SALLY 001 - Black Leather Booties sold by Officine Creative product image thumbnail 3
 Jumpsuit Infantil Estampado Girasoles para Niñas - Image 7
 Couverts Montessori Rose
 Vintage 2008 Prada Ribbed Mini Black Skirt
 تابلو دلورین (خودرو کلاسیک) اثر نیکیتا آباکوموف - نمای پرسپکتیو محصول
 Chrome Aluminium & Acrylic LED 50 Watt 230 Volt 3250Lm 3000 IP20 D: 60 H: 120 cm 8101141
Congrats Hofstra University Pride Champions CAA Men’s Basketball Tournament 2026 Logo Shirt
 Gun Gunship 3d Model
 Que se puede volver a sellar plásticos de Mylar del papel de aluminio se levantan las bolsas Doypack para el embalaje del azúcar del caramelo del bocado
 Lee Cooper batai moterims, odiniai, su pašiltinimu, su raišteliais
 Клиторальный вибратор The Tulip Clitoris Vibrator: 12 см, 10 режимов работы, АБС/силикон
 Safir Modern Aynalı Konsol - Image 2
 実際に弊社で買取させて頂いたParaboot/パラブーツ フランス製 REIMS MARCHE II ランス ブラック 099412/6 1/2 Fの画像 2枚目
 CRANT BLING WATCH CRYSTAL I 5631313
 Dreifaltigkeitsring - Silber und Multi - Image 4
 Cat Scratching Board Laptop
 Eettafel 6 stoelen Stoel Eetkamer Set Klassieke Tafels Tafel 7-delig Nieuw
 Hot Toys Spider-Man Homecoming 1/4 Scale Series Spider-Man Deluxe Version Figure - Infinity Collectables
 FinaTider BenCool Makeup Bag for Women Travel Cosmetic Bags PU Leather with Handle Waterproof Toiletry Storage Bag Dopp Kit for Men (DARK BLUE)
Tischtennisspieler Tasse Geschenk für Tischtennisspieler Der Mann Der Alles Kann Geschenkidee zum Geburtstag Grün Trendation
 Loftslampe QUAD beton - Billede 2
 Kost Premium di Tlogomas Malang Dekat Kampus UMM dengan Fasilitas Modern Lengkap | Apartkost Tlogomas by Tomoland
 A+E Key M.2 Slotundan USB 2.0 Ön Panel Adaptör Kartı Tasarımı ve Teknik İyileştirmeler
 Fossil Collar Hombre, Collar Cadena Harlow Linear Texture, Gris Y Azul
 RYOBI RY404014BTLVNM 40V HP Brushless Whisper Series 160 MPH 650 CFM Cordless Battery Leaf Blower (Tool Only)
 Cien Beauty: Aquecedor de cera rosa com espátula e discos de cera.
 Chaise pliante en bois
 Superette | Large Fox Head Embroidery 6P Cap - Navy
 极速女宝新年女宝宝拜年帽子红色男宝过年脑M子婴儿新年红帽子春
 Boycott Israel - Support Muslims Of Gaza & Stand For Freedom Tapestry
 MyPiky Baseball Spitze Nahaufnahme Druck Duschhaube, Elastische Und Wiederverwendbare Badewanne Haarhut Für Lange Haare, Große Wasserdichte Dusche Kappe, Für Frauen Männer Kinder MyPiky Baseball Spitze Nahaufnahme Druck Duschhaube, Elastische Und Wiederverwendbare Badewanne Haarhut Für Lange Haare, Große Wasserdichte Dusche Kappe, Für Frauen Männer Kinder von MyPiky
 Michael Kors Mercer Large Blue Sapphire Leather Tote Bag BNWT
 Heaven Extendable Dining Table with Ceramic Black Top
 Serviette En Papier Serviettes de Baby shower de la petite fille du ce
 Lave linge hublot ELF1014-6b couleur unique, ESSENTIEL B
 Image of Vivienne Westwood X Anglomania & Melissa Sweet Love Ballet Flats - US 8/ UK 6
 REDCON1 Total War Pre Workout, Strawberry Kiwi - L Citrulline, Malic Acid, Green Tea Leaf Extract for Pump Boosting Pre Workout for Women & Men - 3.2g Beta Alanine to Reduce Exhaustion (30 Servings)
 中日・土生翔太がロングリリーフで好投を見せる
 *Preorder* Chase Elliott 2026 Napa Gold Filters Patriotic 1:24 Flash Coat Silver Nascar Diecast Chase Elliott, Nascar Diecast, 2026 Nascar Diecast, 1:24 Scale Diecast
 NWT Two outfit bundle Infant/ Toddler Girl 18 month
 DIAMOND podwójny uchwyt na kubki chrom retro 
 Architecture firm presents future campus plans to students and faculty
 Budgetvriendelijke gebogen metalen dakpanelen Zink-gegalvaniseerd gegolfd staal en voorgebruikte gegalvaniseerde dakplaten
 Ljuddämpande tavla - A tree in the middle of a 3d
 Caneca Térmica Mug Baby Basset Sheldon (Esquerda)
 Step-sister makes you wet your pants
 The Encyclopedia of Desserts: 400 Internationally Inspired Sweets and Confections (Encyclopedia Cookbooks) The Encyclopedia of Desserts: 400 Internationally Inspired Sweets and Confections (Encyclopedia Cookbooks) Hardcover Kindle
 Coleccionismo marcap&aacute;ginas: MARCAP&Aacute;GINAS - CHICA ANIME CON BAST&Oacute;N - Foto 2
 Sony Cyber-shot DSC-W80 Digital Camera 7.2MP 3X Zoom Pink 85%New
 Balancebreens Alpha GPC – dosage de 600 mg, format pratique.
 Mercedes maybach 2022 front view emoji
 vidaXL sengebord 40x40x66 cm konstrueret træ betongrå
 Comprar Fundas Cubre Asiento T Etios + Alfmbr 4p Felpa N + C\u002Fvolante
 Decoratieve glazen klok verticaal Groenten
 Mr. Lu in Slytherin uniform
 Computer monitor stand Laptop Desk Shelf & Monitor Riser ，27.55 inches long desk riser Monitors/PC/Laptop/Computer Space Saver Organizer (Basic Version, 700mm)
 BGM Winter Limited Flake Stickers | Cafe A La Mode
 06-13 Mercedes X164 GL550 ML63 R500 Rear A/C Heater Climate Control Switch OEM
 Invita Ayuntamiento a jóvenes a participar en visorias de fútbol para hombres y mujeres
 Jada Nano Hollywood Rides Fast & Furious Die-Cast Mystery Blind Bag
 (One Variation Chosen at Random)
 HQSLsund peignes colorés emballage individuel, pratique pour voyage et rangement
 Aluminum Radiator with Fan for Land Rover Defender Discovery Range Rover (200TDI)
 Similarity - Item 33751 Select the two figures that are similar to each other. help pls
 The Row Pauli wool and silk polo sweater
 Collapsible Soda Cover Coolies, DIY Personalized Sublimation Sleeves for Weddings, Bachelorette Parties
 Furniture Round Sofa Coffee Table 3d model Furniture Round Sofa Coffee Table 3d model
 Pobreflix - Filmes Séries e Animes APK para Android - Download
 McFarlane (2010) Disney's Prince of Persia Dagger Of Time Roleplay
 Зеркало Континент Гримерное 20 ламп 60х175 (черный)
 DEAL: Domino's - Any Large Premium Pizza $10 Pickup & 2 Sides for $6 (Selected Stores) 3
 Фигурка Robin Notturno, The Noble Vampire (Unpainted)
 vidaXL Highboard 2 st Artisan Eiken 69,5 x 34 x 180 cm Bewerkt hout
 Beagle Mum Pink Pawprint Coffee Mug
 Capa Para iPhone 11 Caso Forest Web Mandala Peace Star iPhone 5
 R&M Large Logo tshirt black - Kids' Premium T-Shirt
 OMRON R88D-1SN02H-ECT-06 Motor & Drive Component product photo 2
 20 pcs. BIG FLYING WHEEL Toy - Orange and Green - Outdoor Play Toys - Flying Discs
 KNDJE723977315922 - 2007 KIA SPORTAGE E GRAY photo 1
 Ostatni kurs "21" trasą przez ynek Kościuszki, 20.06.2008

—————

### THE TASK:
Copy exactly the lines above, from the one containing "Фигурка Robin Notturno, The" through the very last line.

### ANSWER TO THIS PROBLEM:
 Фигурка Robin Notturno, The Noble Vampire (Unpainted)
 vidaXL Highboard 2 st Artisan Eiken 69,5 x 34 x 180 cm Bewerkt hout
 Beagle Mum Pink Pawprint Coffee Mug
 Capa Para iPhone 11 Caso Forest Web Mandala Peace Star iPhone 5
 R&M Large Logo tshirt black - Kids' Premium T-Shirt
 OMRON R88D-1SN02H-ECT-06 Motor & Drive Component product photo 2
 20 pcs. BIG FLYING WHEEL Toy - Orange and Green - Outdoor Play Toys - Flying Discs
 KNDJE723977315922 - 2007 KIA SPORTAGE E GRAY photo 1
 Ostatni kurs "21" trasą przez ynek Kościuszki, 20.06.2008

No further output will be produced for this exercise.